For example, a blog may contain multiple articles. Each article may contain text and/or numbers. Each article may be associated with a respective timestamp at which the article was published. The blog may be indexed to obtain inverted data blocks, or inverted indices of the articles. For example, an inverted index may be obtained for each text symbol that may be found in the articles. The inverted index for a symbol, for example, may indicate all the articles in which that symbol is used.


The inverted indices are used in response to a search query that may be received to search for a search term. The search term may include one or more keywords. Using the inverted indices for a first keyword, a set of articles that contain the first keyword may be identified. Similarly, sets of articles that contain the other keywords of the search term may be identified using the inverted indices of the respective keywords. The identified sets may be merged, by taking an intersection of the sets, to identify the articles that contain all the keywords in the search term.


The described examples of method and system for blog search improve a conventional search technique by generating inverted indexes in an innovative manner. For example, the inverted indexes are generated in reverse chronological order of the articles in the blog and further, separate inverted indexes may be generated for predetermined blocks of the articles. For example, the articles may be divided based on a publication time. For example, the articles of the blog may be categorized into groups of articles published within three month periods. Separate inverted indexes may be generated for each group. Alternatively, the articles may be grouped based on a number of articles, such as each group contains 5000 articles. Inverted indexes may be generated for each such group.
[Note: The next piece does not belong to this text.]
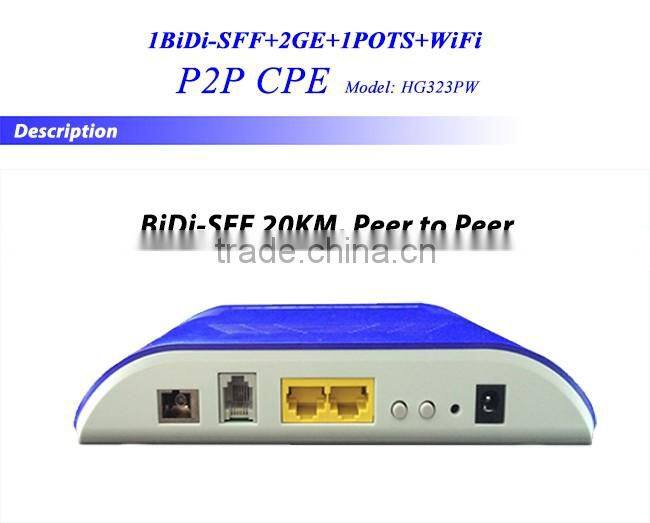 FTTX Solution 1BiDi-SFF+2GE+1POTS+WiFi Access Point P2P Fiber Gateway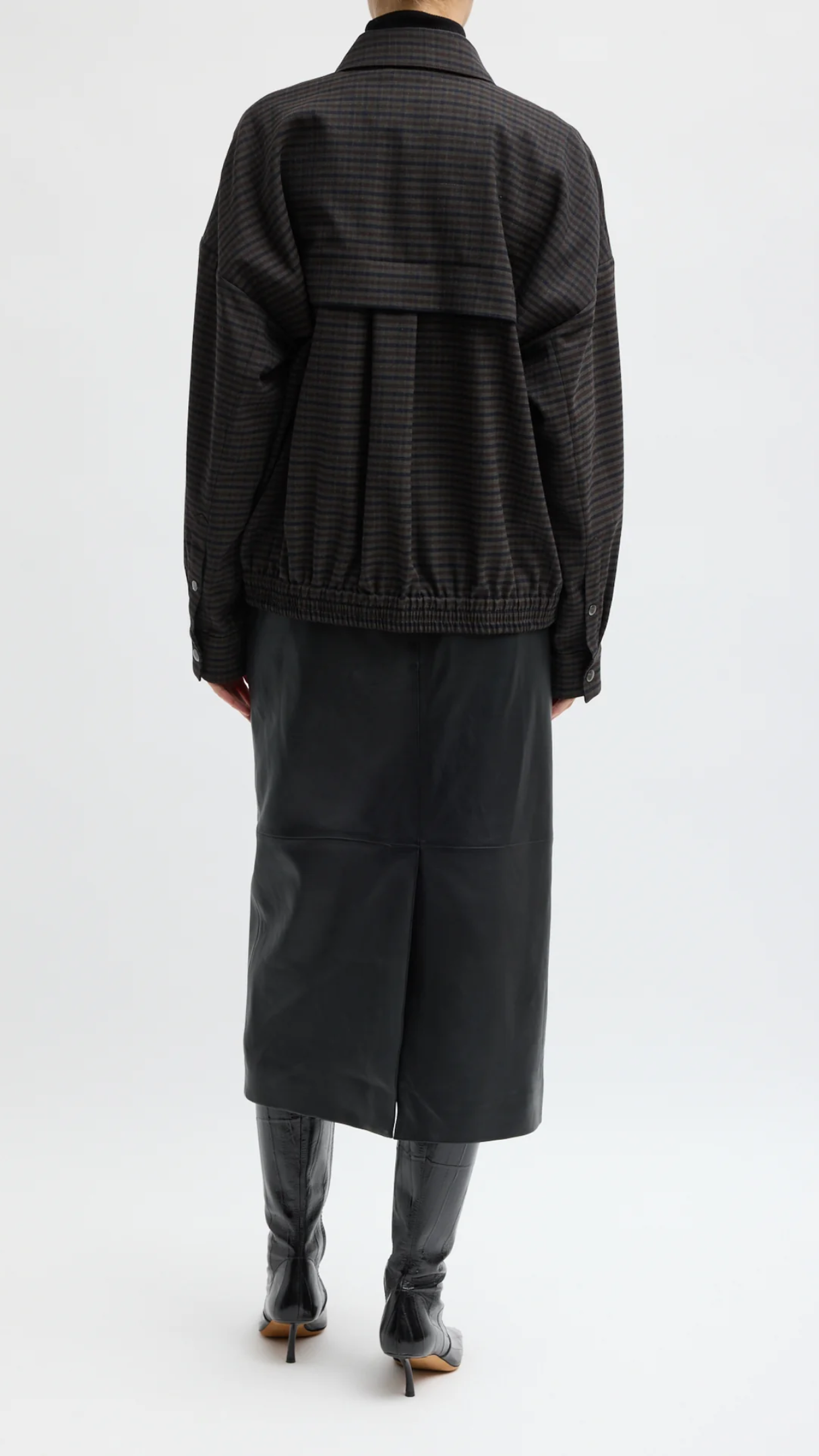 Tibi Cedrick Suiting Bomber Jacket in Grey Multi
A further improvement proposed in the present disclosure is to add, in a header of each inverted index, a timestamp skip list. The timestamp skip list may identify the last publication time of an article that is indexed in the inverted index. Such a modified inverted index strategy, as described throughout the above examples, facilitates efficient search. Particularly, higher efficiency may be observed if the search request contains a search term and a search time range that indicates searching only those articles that have been published within the specified time range. In such a case, the timestamp skip list may facilitate skipping the inverted index that may not provide a result for the search result. Thus, only those inverted indexes that identify articles that were published within the specified time range are merged using this strategy. Accordingly, a detailed search is performed on lesser number of articles thus leading to quicker search results.


A second action may be said to be “in response to” a first action independent of whether the second action results directly or indirectly from the first action. The second action may occur at a substantially later time than the first action and still be in response to the first action. Similarly, the second action may be said to be in response to the first action even if intervening actions take place between the first action and the second action, and even if one or more of the intervening actions directly cause the second action to be performed. For example, a second action may be in response to a first action if the first action sets a flag and a third action later initiates the second action whenever the flag is set.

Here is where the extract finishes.